Given records START
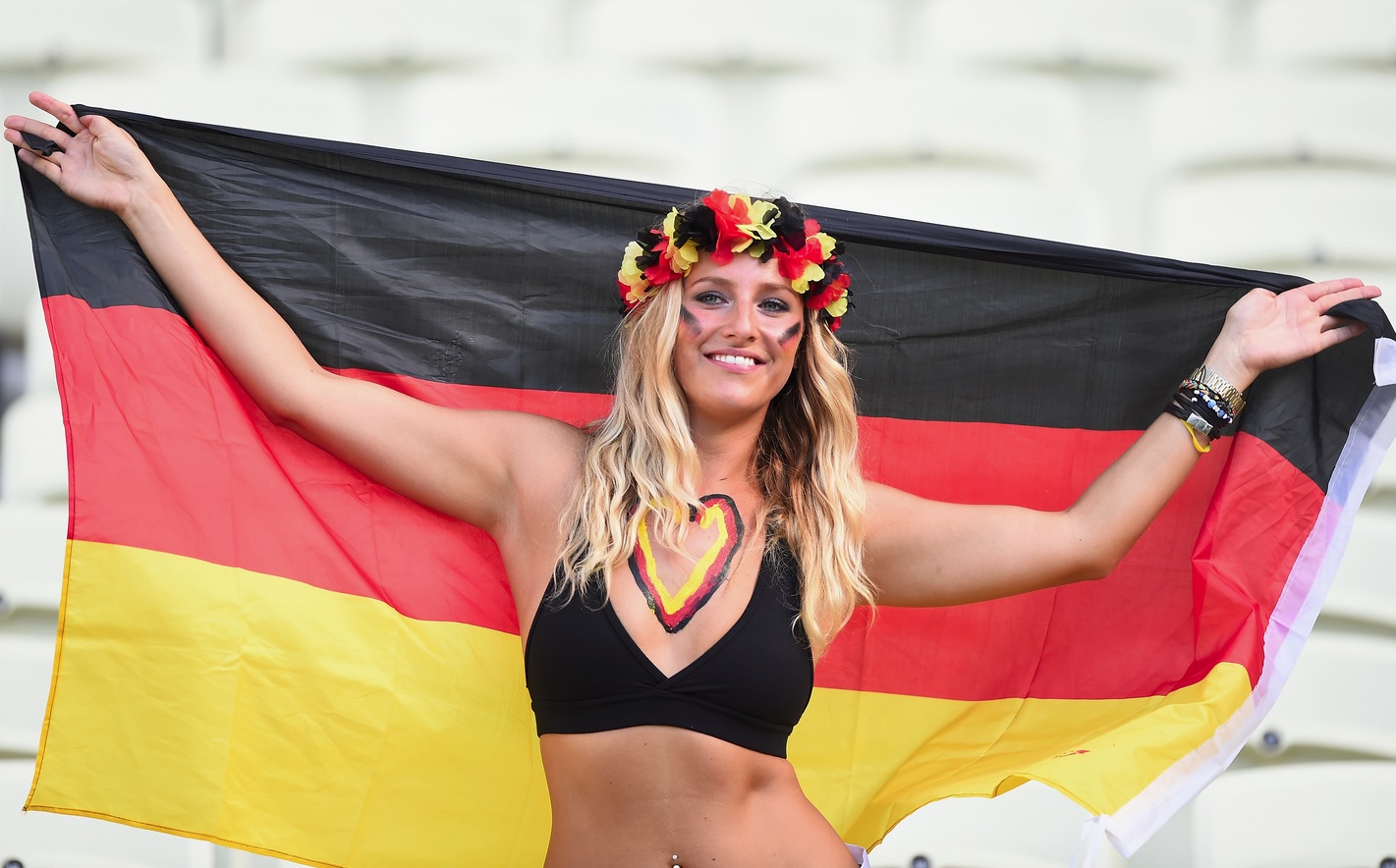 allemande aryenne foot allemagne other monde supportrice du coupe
Given records END
Given records START
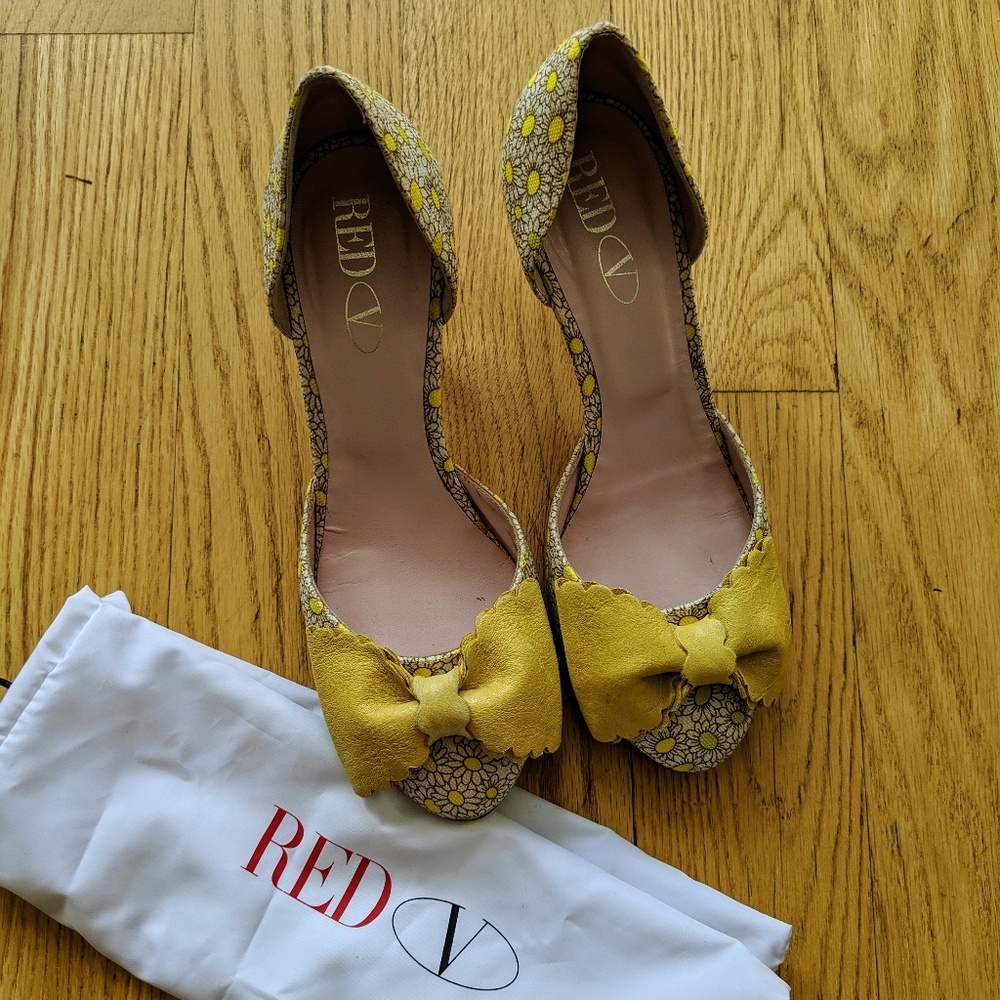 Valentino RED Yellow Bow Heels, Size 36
Given records END
Given records START
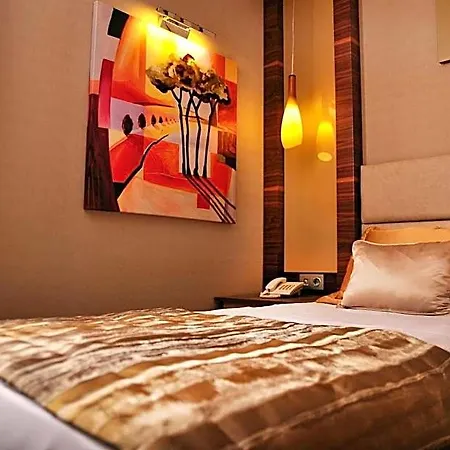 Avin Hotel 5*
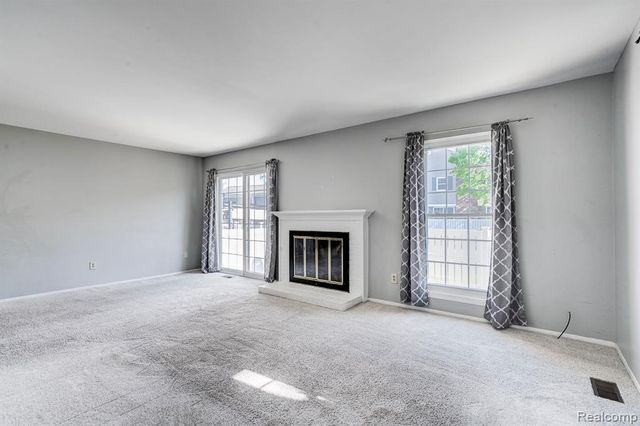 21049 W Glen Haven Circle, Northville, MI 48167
Given records END
Task instructions –
Skipping every picture, transcribe exactly the lines above from the one containing "Avin Hotel 5*" through the one containing "21049 W Glen", both included.

Answer box –
 Avin Hotel 5*
 21049 W Glen Haven Circle, Northville, MI 48167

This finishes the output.